WHAT YOU NEED TO DO>
Transcribe the material verbatim, starting at its first line and stopping once the line containing "Pojken befinner sig" has been given; no picture should appear.

THE RECORDS>
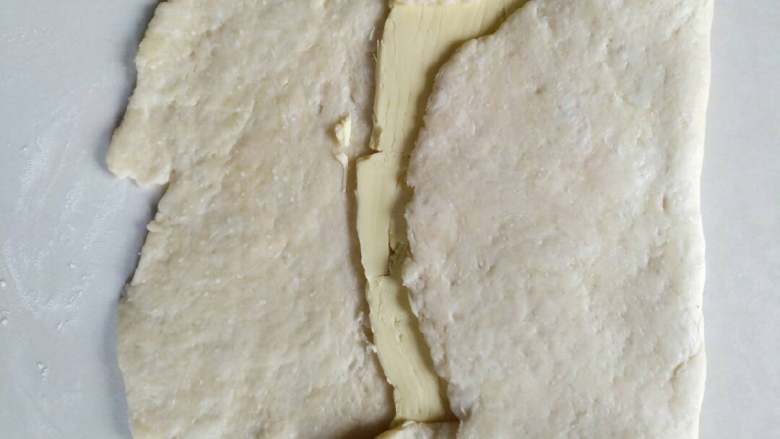 蛋挞,把面团碾开大约1cm厚，<a style='color:red;display:inline-block;' href='/shicai/ 887'><a style='color:red;display:inline-block;' href='/shicai/ 887'>黄油</a></a>室温融化，放到面皮中间像叠被子一样叠起来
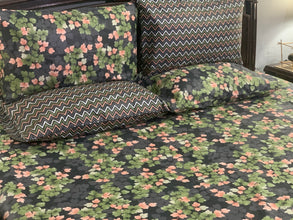 Bedsheet 5 pieces green flowers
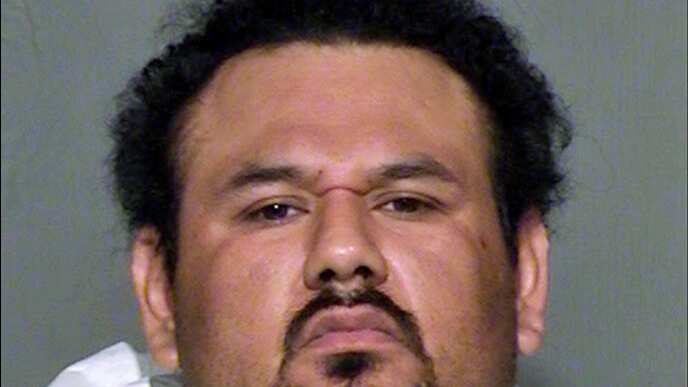 Esta foto proporcionada por la oficina del comisario del condado Maricopa, Arizona, muestra al mexicano Apolinar Almamirano.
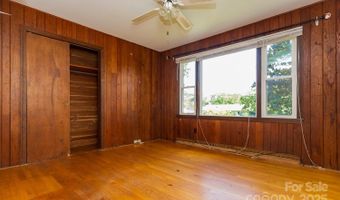 5 Fernlawn Rd, Asheville, NC 28805
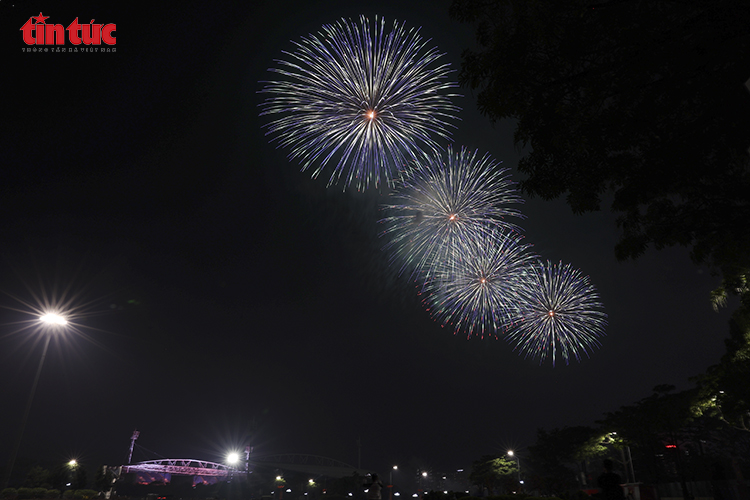 Sơ duyệt màn pháo hoa nghệ thuật quy mô lớn tại Mỹ Đình - ảnh 7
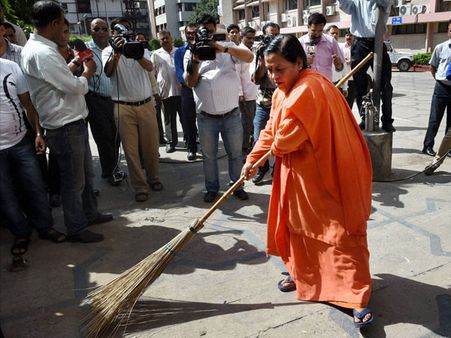 Uma Bharati to lead Oct. 2 'Swachh Bharat' function at Jhansi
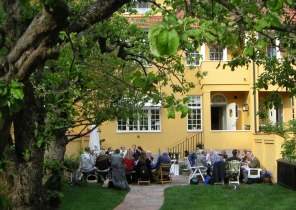 Varje år träffas medlemmarna för en picknick i Jolos trädgård på Lidingö (foto Kerstin Nylander)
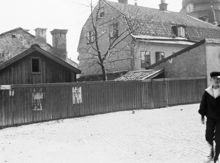 Pojken befinner sig i hörnet av Svartensgatan och Fiskargatan. Katarina kyrka anas t.h. Dåv. kv. Häckelfjäll, nuv. kv. Kungen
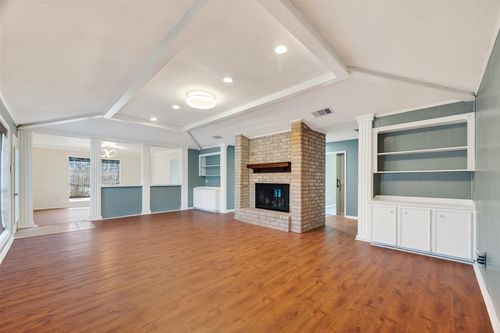 1002 Parkstead Dr, Seabrook, TX, 77586-4122 | Card Image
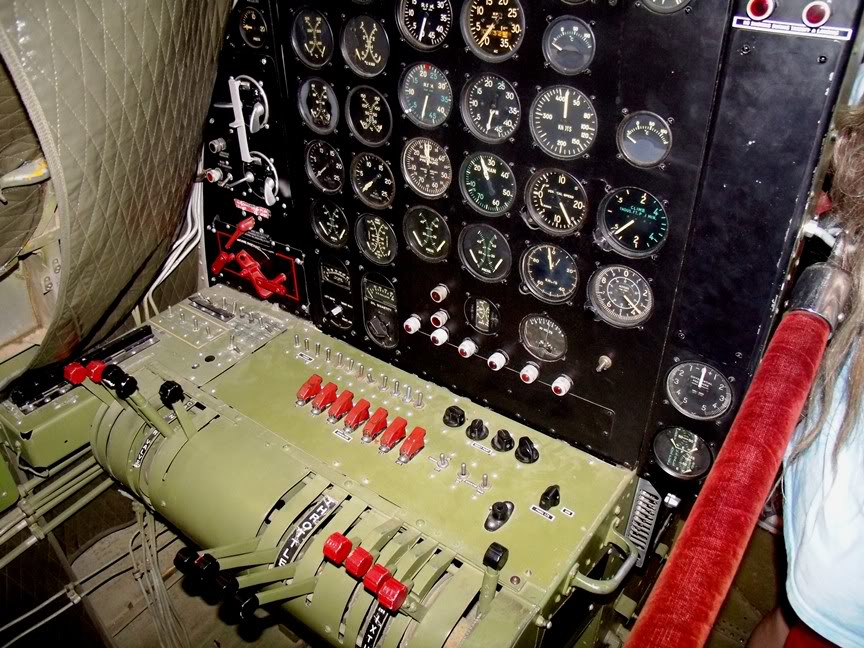 B-29FltEngineerSm.jpg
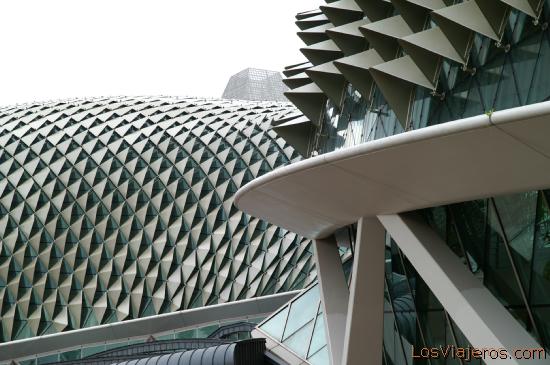 Detalle de la cubierta de los Teatros en la Bahia - Singapur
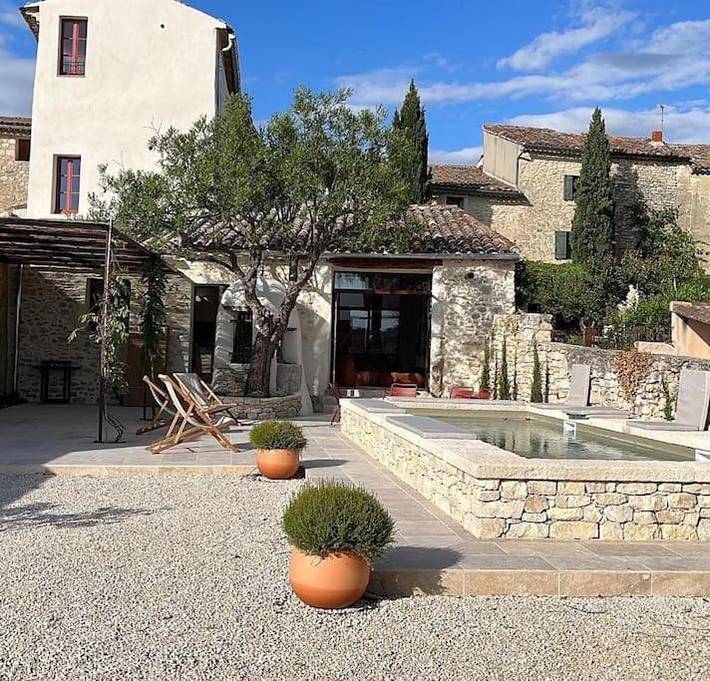 Cottage pour 14 personnes, avec piscine ainsi que jardin et vue dans Office De Tourisme De Venasque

SOLUTION TO THIS TASK>
 蛋挞,把面团碾开大约1cm厚，<a style='color:red;display:inline-block;' href='/shicai/ 887'><a style='color:red;display:inline-block;' href='/shicai/ 887'>黄油</a></a>室温融化，放到面皮中间像叠被子一样叠起来
 Bedsheet 5 pieces green flowers
 Esta foto proporcionada por la oficina del comisario del condado Maricopa, Arizona, muestra al mexicano Apolinar Almamirano.
 5 Fernlawn Rd, Asheville, NC 28805
 Sơ duyệt màn pháo hoa nghệ thuật quy mô lớn tại Mỹ Đình - ảnh 7
 Uma Bharati to lead Oct. 2 'Swachh Bharat' function at Jhansi
 Varje år träffas medlemmarna för en picknick i Jolos trädgård på Lidingö (foto Kerstin Nylander)
 Pojken befinner sig i hörnet av Svartensgatan och Fiskargatan. Katarina kyrka anas t.h. Dåv. kv. Häckelfjäll, nuv. kv. Kungen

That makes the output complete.